Fair disclosure: I’m an Amazon Vine Voice and I got that way by doing a lot of reviews. I don’t get paid for reviews and I no longer get freebies as part of the Vine program (my choice). I only review stuff I’ve actually purchased and used/read. For the most part, I don’t review books. I’m an extremely picky reader and probably 80% of my reviews would be negative so I don’t feel that’s fair to authors. Additionally, writing negative reviews usually hurts your standing as a reviewer — not that I care about that any more, but it is a fact — which may be another reason why positive reviews are more prevalent. For example, the first time I reviewed a book, I eviscerated it and gave plenty of examples of my problems with the book. The result was my worst-rated review of all time. (Not sure if the author sent her goons to down-vote but I prefer to surmise that it’s just something inherent in negative reviews.)
So…. it’s a complicated question with no straight answers easily categorized in a 3-choice poll. 🙂
The question is really straight forward. It is merely asking where in the number spectrum you would start to question whether fraudulent or inflated reviews are starting to accumulate. It is not meant as a judgement just a purely academic and statistically based exercise. You would expect something put out by the big 6 to have tons (same definition as in the post) of rants, reviews and ratings. Those sources have herds (similar loose definition as tons) of minions poised to generate as much buzz as possible to please stock-holders, boards and CEOs. When similar huge numbers start to hit Indie and Self-pubs I really start to wonder…

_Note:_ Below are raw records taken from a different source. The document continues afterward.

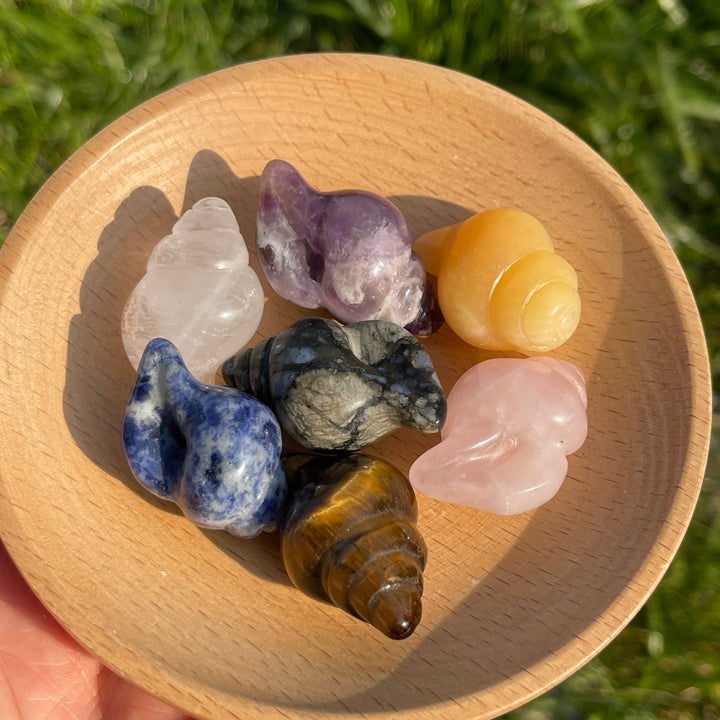 Natural Crystal Mini Conch Carving
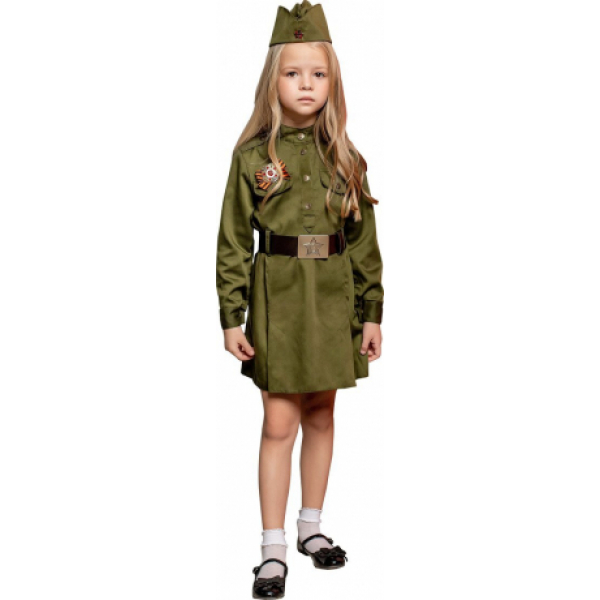 Костюм Солдатка:гимнастёрка,юбка,пилотка,ремень,размер 134-68 Радуга Игрушки Калуга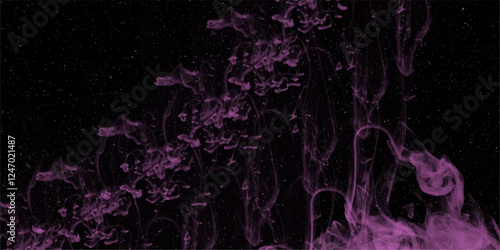 Colored background with winding clouds of smoke from patterns of different forms of Purple smoke on black background. Incense stick smock on dark background.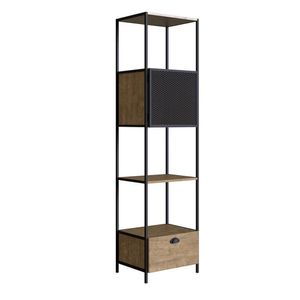 Estante York 180cm 1 Porta Estrutura Preto Fosco - Vermont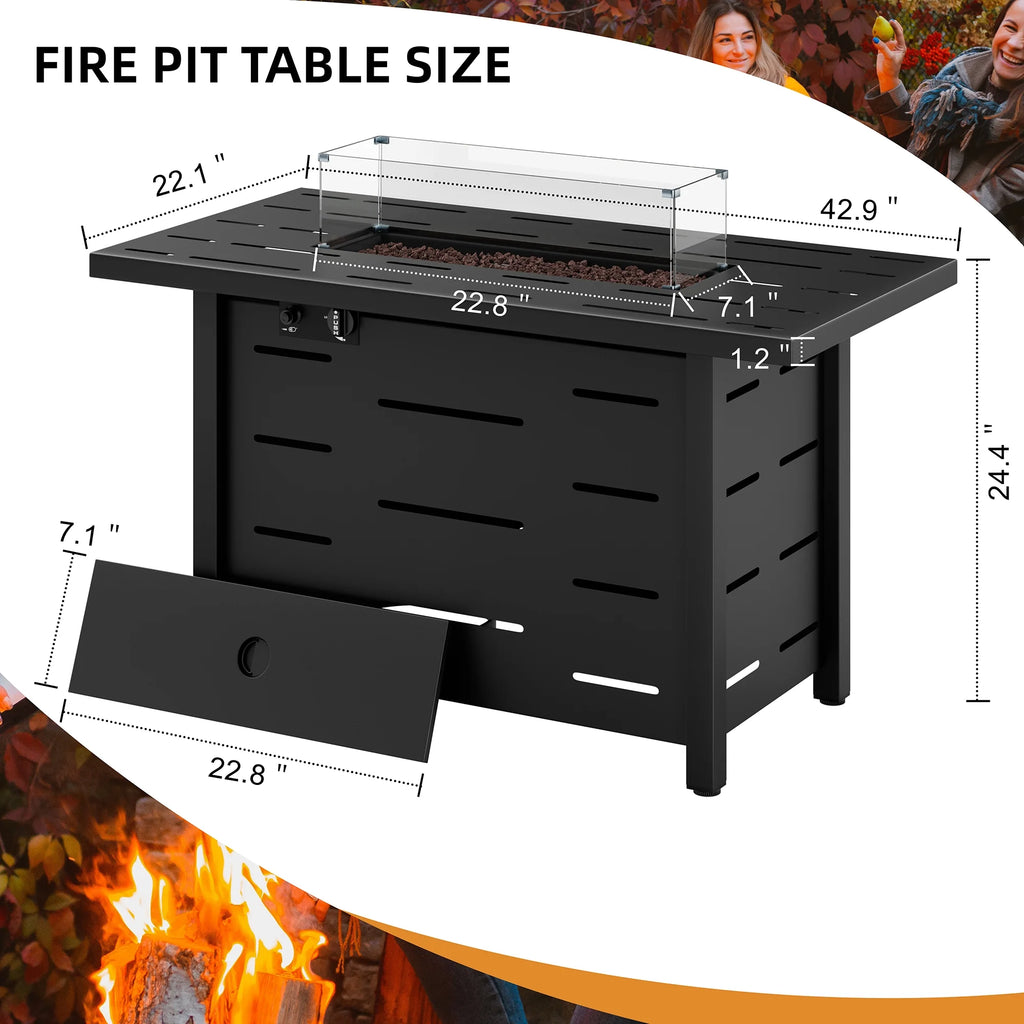 43 Inch Propane Gas Fire Pit Table with Lid and Lava Rock F873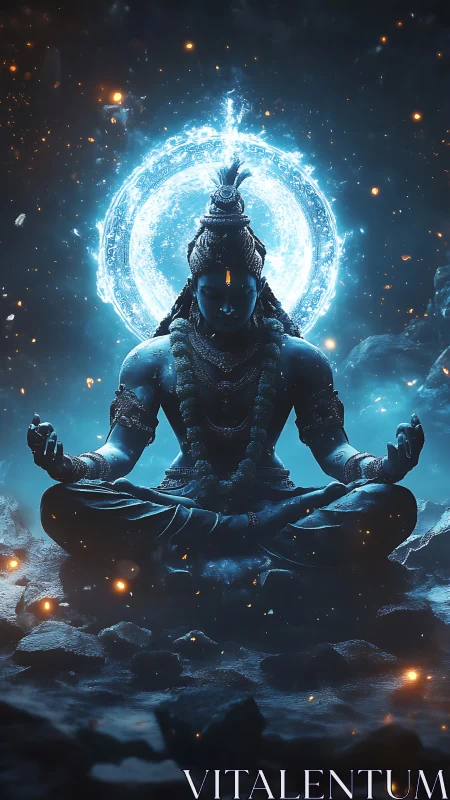 Blue meditative deity statue with glowing circular aura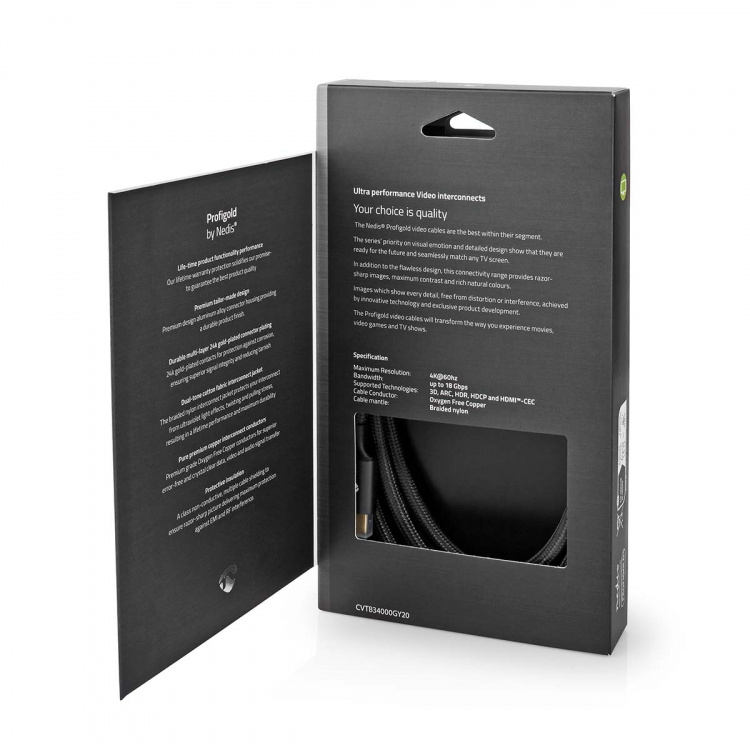 Nedis High Speed HDMI ™ Kaapeli Ethernet | HDMI™ liitin | HDMI™ liitin | 4K@60Hz | ARC | 18 Gbps | 2.00 m | Pyöreä | Puuvilla | Gun Metal Harmaa | Laatikko kannella ja ikkunalla Nedis High Speed HDMI ™ Kaapeli Ethernet | HDMI™ liitin | HDMI™ liitin | 4K@60Hz | ARC | 18 Gbps | 2.00 m | Pyöreä | Puuvilla | Gun Metal Harmaa | Laatikko kannella ja ikkunalla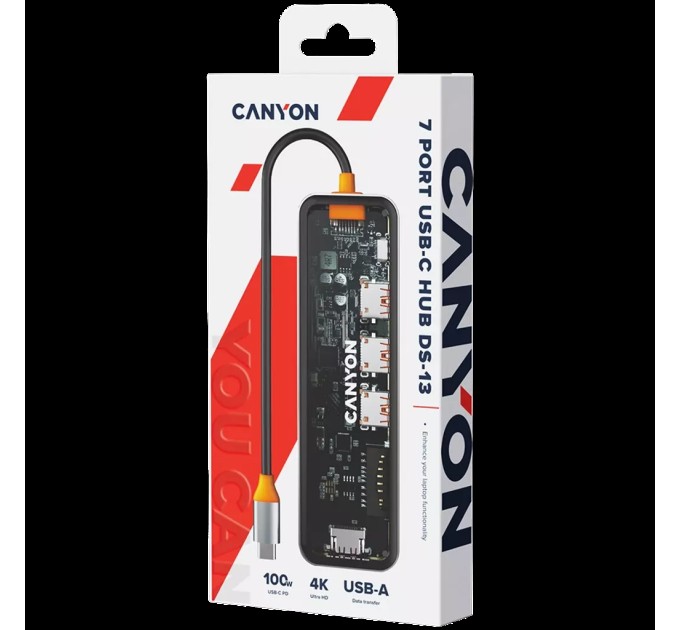 Хаб 7-в-1 мультипорт USB Type-C DS-13 Canyon (CNS-TDS13)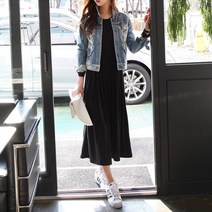 데일리앤 프로아 주름 긴팔 롱 원피스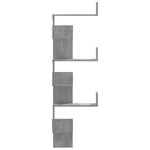 vidaXL Étagère murale d'angle gris béton 45x45x147cm bois d'ingénierie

I have already stated that I tend to find something positive in anything I read to completion and I always post the reviews I write. If I didn’t like something and can find no redeeming qualities then it gets the review of silence to reduce the ‘buzz-carry’ effect.
The 3 choice poll represents the entire number spectrum to where a person’s disbelief resides.
Let me clear something up about the poll. If your answer is that you don’t care or give any credence to the reviews and ratings that would place your answer at less than 50. If you read the reviews, notice ratings, then you have an answer to when your BS detector starts alarming and it lives somewhere on that spectrum.